Get the HHB 850. If you shop around, you can get it for $900.
Thanks for all the input guys, however I don't know that I have heard of HHB either. Anyone want to help me out here?
HHB is an English company that has been making pro-audio for some time. They use a pioneer drive. They make some of the best stuff and the suggestions given are right on the money! However, if you can't swing for it buy a professional unit from Marantz, Tascam or Fostex. Stay away from the consumer stuff. As I have stated in the past, there are several advantages to pro units. The best being the ability to use what ever CDR format you like and no copy protection.
I found the HHB website and you guys are right. This is one nice unit. I also came accross the Fostex unit (CR300). Anyone have any input input on this unit., 1-800-319-3111
I agree that the HHB unit is the one to get. Try Uncle's Stereo in NYC for low prices. They have a web page too ( or something like that) I think that the Fostex and Tascam units use the same drive as the HHB 850. Someone told me that Pioneer actually makes these units for HHB. The HHB 850 that I have works very well. I even works quite well as a playback unit. I also like the SCMS bypass and the fact that you can use the cheapo date CDR discs instead of the Audio only ones. I have not been able to discern any difference in sound quality between them either. The only drawback is you need a decent CD player for your source. It's not an all in one unit.

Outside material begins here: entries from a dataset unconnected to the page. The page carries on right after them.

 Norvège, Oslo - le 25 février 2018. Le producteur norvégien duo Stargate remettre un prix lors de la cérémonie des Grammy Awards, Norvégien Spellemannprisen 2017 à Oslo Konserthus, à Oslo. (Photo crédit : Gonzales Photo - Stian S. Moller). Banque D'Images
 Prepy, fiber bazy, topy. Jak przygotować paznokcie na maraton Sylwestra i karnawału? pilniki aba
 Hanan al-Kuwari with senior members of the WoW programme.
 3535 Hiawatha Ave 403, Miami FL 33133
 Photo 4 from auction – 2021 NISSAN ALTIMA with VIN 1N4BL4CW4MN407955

I have a Tascam CDRW 5000 it will do regular and rewritables it has Balanced and unbalanced analog connectors and provides SPDIF, AES/EBU, and optical digitas ins and outs. In my opinion the copies that I make from my Meridian transport via an Illuminations D60 SPDIF cable are preferable to the original CD. Who could ask for more than that. The brand of CDR matters as well. I haven't tried them all, but the best I have is the TDK 700MB CDRs. Some brands actually don't sound better than the original.
The Tascam CDRW 5000 retails for 1299.00 and can be had at discount for less than 1000.00
I agree with what has been said. My advice would be similar. Stay away from consumer units (use professional only, many advantages). I currently use a Marantz CDR620 professional. It is loaded with every type of input and output including balanced digital inputs. I think this has been key for the quality of recordinds I have been producing. I use a LAT international balaced digital interconnect from my Wadia and my copies are perfect. this is a great digital ic for the price. I have found that Mitsui CDR's give the best performance with this player. Good luck.
one thing I forgat to mention about the Marantz which was a pleasnat surprise was the quality of the AD converters. VERY acceptable sound with a good input. also not a bad sounding cd player in its own right. can be had for under 1K used.
I really appreciate all the input. I guess I need to go do my homework now. I will let you know which one I end up with. Thanks again everyone.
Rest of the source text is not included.